◆ MATERIAL FOR THE TASK
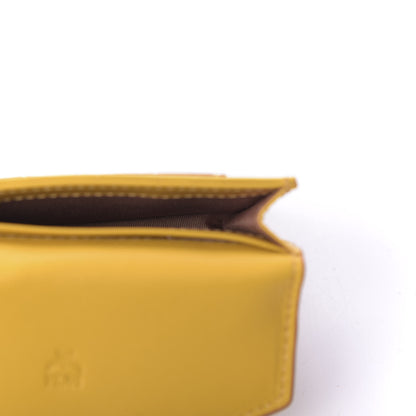 MCM Calfskin Crocodile Embossed Flap Card Holder Golden Mango 8 of 10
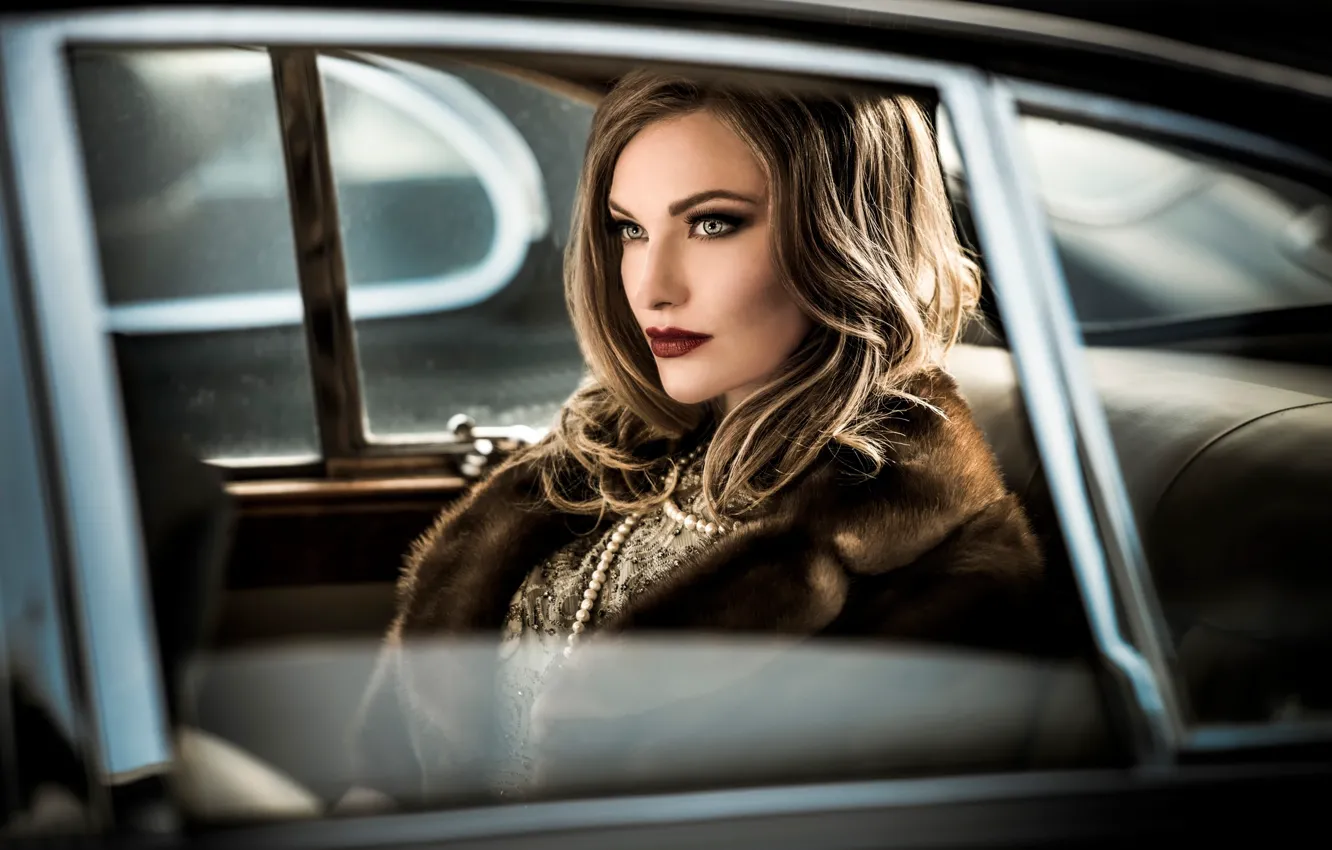 Photo wallpaper auto, girl, retro, makeup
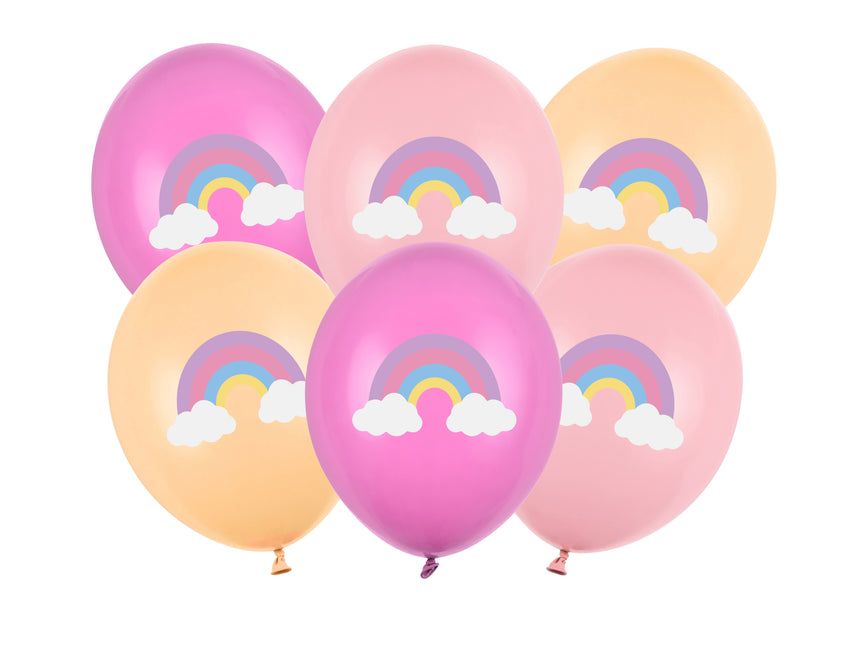 Ballons arc-en-ciel 30cm 6pcs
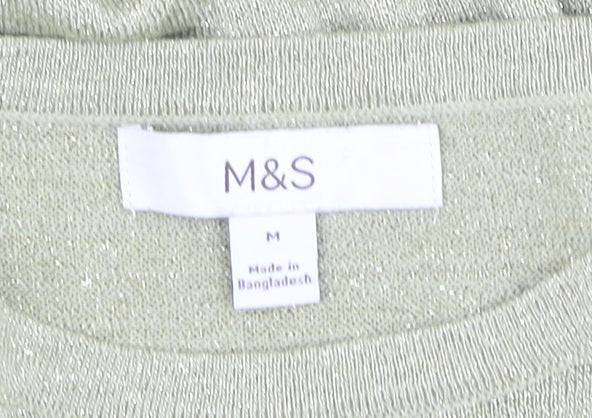 Marks and Spencer Women’s Light Green Glitter Knit T-Shirt Medium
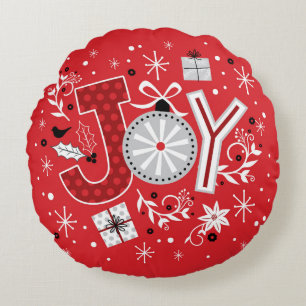 Coussins Ronds Ornements de Noël argentés rouges de joie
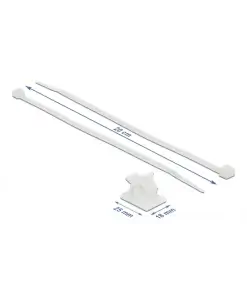 תפסן כבלים עם קליפס נעילה + אזיקון צבע לבן סט 10 יח' DELOCK | 18877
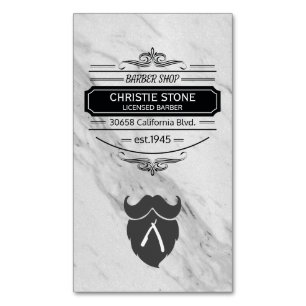 Klassisk Marble Retro-etikett Barber Blade och Bea Magnetiska Visitkort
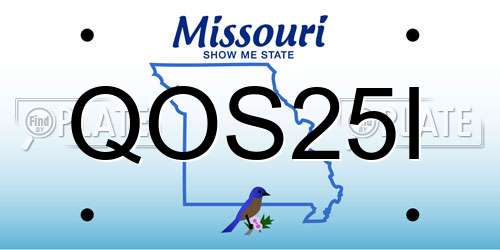 QOS25I Missouri License Plate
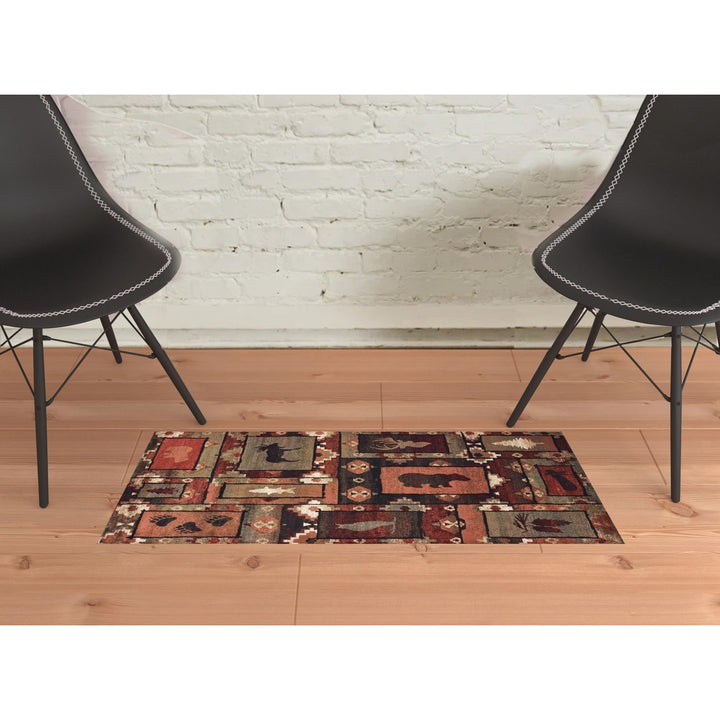 2 X 3 Brown Rust Berry Sage Green Gold And Ivory Southwestern Power Loom Stain Resistant Area Rug Image 2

◆ WORK REQUIRED
Starting with the line that contains "Marks and Spencer", repeat each line exactly until the listing ends, including the last one. Leave pictures out.

◆ WRITTEN RESPONSE
 Marks and Spencer Women’s Light Green Glitter Knit T-Shirt Medium
 Coussins Ronds Ornements de Noël argentés rouges de joie
 תפסן כבלים עם קליפס נעילה + אזיקון צבע לבן סט 10 יח' DELOCK | 18877
 Klassisk Marble Retro-etikett Barber Blade och Bea Magnetiska Visitkort
 QOS25I Missouri License Plate
 2 X 3 Brown Rust Berry Sage Green Gold And Ivory Southwestern Power Loom Stain Resistant Area Rug Image 2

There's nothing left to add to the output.